Extracted material below:
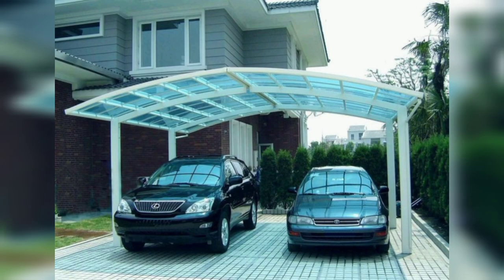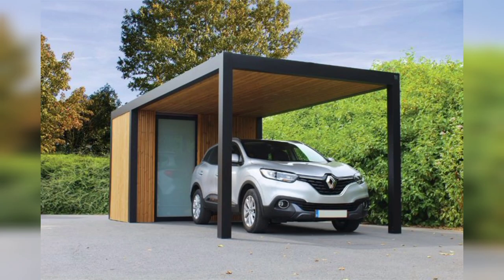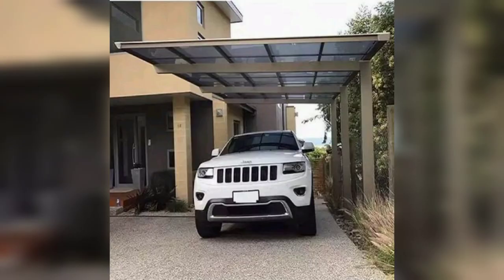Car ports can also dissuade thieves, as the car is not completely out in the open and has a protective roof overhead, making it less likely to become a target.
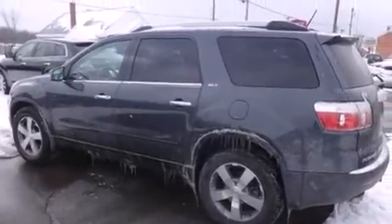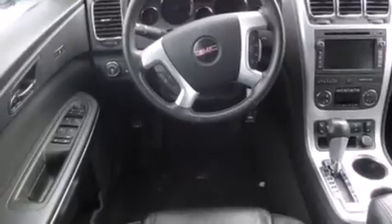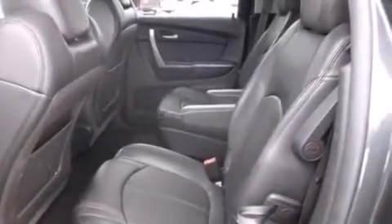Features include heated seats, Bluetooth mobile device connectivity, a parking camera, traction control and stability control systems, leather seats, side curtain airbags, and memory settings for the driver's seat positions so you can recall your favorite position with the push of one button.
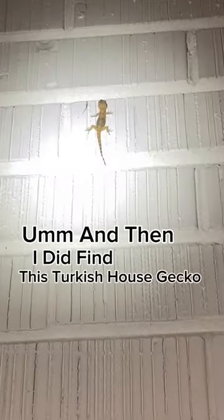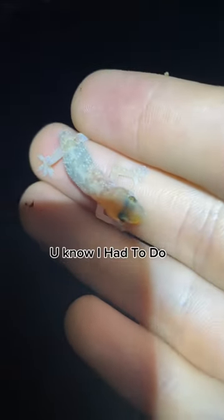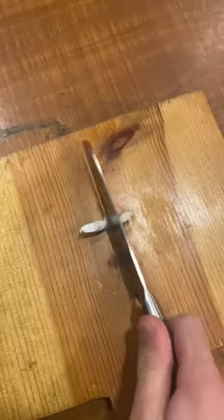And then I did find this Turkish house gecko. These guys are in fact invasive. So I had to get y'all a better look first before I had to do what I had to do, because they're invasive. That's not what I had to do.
End of Extracted material.
Extracted material below:
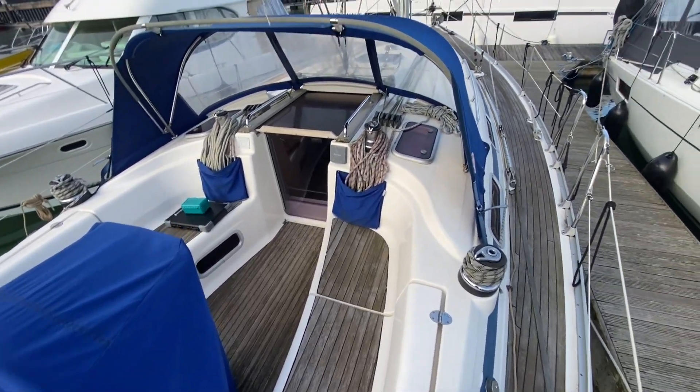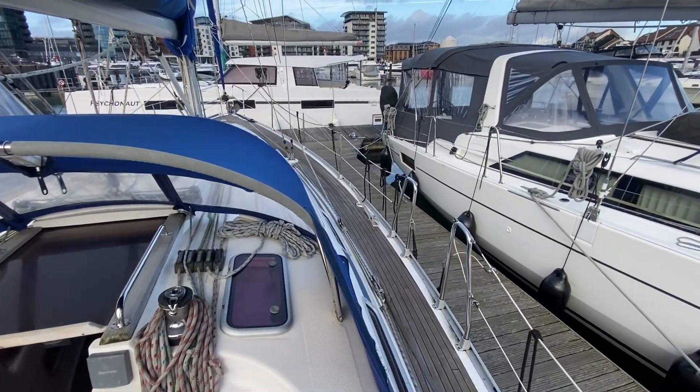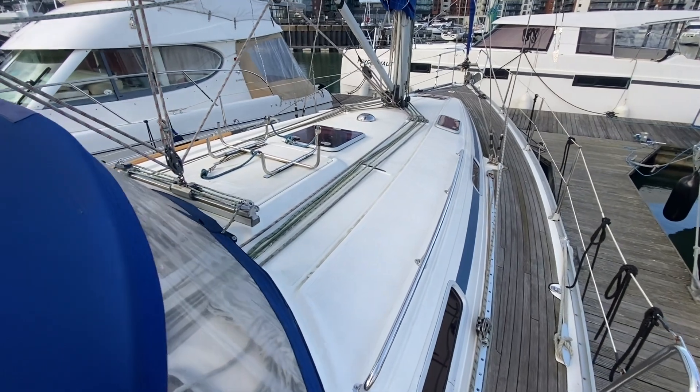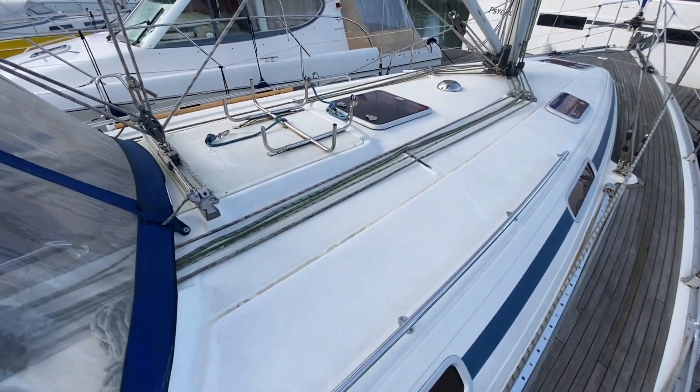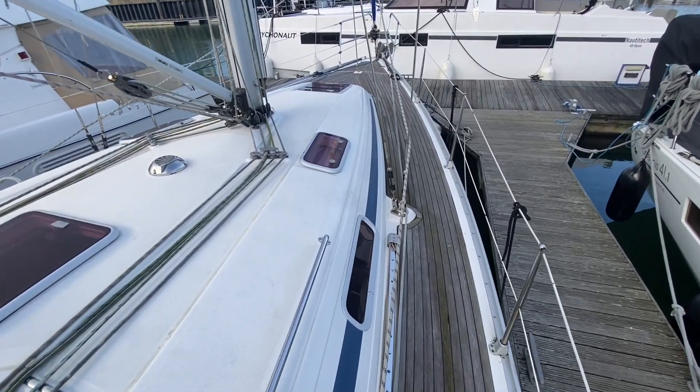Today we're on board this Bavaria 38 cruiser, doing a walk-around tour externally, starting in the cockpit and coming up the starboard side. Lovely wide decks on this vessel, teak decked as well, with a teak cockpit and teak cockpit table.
End of Extracted material.
Directions >> Starting with the line that has "Car ports can" and going on through the line that has "And then I did", transcribe the records above exactly, but skip the pictures.

Task result >>
Car ports can also dissuade thieves, as the car is not completely out in the open and has a protective roof overhead, making it less likely to become a target.
Features include heated seats, Bluetooth mobile device connectivity, a parking camera, traction control and stability control systems, leather seats, side curtain airbags, and memory settings for the driver's seat positions so you can recall your favorite position with the push of one button.
And then I did find this Turkish house gecko. These guys are in fact invasive. So I had to get y'all a better look first before I had to do what I had to do, because they're invasive. That's not what I had to do.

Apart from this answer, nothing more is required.